Rep. Ron Paul (R-TX) has about the best take on the debt ceiling deal that has crossed my computer screen, most people losing sight of the fact that the agreed to “cuts” are not really cuts at all, at least not in the way that most people use the word in their own finances.
When a Cut is Not a Cut
One might think that the recent drama over the debt ceiling involves one side wanting to increase or maintain spending with the other side wanting to drastically cut spending, but that is far from the truth. In spite of the rhetoric being thrown around, the real debate is over how much government spending will increase.
No plan under serious consideration cuts spending in the way you and I think about it. Instead, the “cuts” being discussed are illusory, and are not cuts from current amounts being spent, but cuts in projected spending increases.

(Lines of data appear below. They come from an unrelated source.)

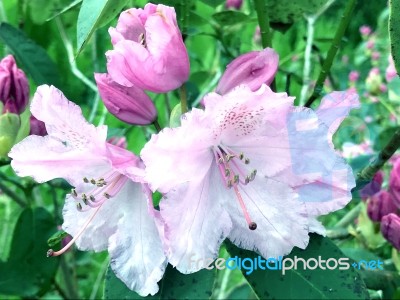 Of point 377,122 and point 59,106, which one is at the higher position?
point 59,106

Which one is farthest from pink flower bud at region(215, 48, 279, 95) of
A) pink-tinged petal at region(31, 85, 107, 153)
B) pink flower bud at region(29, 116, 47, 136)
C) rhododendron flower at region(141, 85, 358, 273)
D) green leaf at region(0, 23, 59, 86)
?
green leaf at region(0, 23, 59, 86)

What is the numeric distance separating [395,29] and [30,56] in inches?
22.3

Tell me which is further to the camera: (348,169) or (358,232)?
(358,232)

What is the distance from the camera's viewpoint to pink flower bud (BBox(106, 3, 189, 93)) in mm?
527

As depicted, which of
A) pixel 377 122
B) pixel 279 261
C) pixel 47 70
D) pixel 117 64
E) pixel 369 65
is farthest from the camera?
pixel 369 65

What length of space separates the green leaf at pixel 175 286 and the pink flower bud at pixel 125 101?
0.17 meters

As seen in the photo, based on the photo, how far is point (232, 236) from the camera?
1.92 feet

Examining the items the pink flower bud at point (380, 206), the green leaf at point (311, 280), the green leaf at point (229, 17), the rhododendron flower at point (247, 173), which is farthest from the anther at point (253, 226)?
the green leaf at point (229, 17)

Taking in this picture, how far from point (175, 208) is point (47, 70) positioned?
0.46 meters

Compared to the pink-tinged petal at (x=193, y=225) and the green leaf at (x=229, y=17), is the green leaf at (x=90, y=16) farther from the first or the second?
the green leaf at (x=229, y=17)

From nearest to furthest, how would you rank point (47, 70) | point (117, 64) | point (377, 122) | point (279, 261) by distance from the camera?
point (117, 64)
point (279, 261)
point (47, 70)
point (377, 122)

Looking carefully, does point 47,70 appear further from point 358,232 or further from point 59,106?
point 358,232

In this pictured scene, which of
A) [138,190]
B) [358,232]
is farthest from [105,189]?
[358,232]

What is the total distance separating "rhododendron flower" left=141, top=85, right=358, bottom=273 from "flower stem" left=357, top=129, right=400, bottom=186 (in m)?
0.10
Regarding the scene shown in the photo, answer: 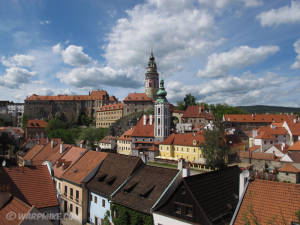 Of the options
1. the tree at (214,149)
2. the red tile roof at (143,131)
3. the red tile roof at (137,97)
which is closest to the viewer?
the tree at (214,149)

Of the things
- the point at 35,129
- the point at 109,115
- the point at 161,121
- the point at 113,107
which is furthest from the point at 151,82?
the point at 35,129

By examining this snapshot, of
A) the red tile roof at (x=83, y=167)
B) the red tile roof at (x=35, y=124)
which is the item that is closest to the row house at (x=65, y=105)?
the red tile roof at (x=35, y=124)

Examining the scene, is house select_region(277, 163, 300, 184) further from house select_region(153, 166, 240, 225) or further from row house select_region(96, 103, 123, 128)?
row house select_region(96, 103, 123, 128)

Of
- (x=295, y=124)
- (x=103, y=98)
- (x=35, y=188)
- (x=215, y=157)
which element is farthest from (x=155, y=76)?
(x=35, y=188)

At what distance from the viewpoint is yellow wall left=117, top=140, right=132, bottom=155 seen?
242 feet

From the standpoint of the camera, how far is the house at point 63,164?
2662 cm

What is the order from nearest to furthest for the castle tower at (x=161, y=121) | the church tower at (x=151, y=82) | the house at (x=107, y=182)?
the house at (x=107, y=182) → the castle tower at (x=161, y=121) → the church tower at (x=151, y=82)

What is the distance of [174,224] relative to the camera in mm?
15281

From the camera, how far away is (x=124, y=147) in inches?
2970

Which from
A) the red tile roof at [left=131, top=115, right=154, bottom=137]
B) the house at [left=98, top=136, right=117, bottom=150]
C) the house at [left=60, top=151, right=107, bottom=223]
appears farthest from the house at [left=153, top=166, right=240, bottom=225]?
the house at [left=98, top=136, right=117, bottom=150]

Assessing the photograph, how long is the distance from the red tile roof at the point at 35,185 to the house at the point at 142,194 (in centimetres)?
473

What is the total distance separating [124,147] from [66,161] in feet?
152

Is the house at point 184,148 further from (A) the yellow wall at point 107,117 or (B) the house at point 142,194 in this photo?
(A) the yellow wall at point 107,117

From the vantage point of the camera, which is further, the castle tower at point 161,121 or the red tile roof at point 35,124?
the red tile roof at point 35,124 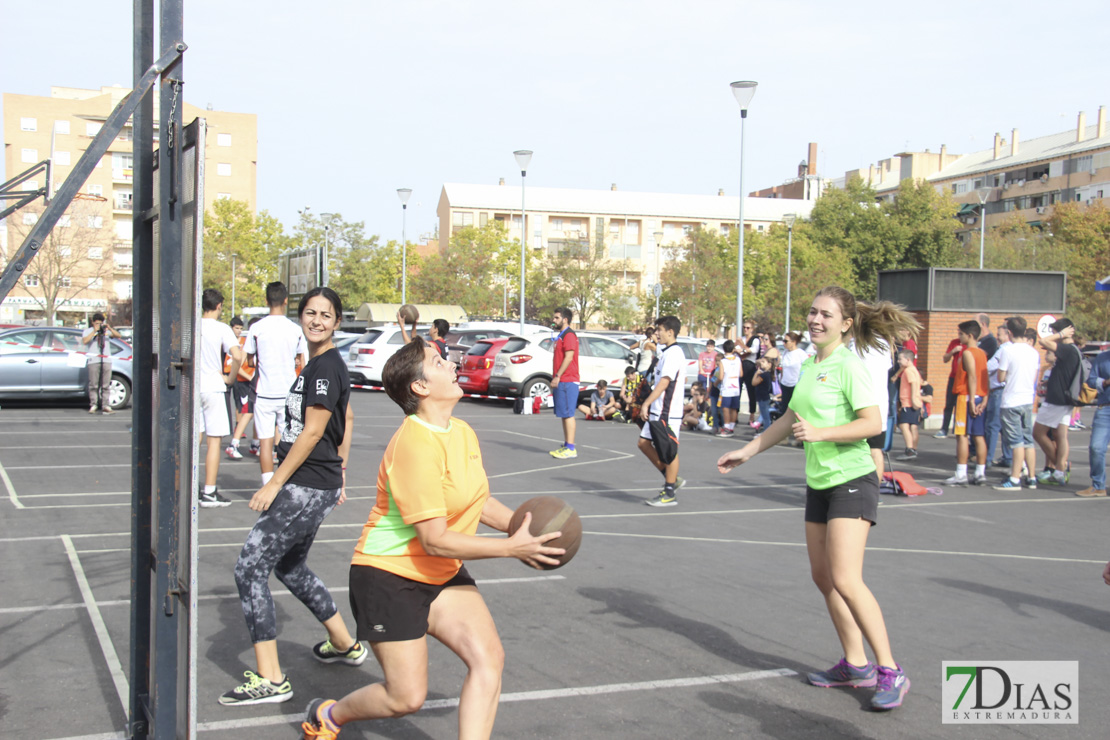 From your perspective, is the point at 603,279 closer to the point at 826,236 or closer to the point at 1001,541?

In reality, bringing our fiscal house into order is not that complicated or excruciatingly painful at all. If we simply kept spending at current levels, by their definition of “cuts” that would save nearly $400 billion in the next few years, versus the $25 billion the Budget Control Act claims to “cut”. It would only take us 5 years to “cut” $1 trillion, in Washington math, just by holding the line on spending. That is hardly austere or catastrophic.
What’s most disconcerting about all of this is that we are told we live in a world where inflation is quite low, employers all across the land using this as justification for freezing wages, benefits, and the like while, in Washington, the notion of enacting a simple “freeze” is anathema, an other-worldly concept that, somehow, isn’t even on the radar.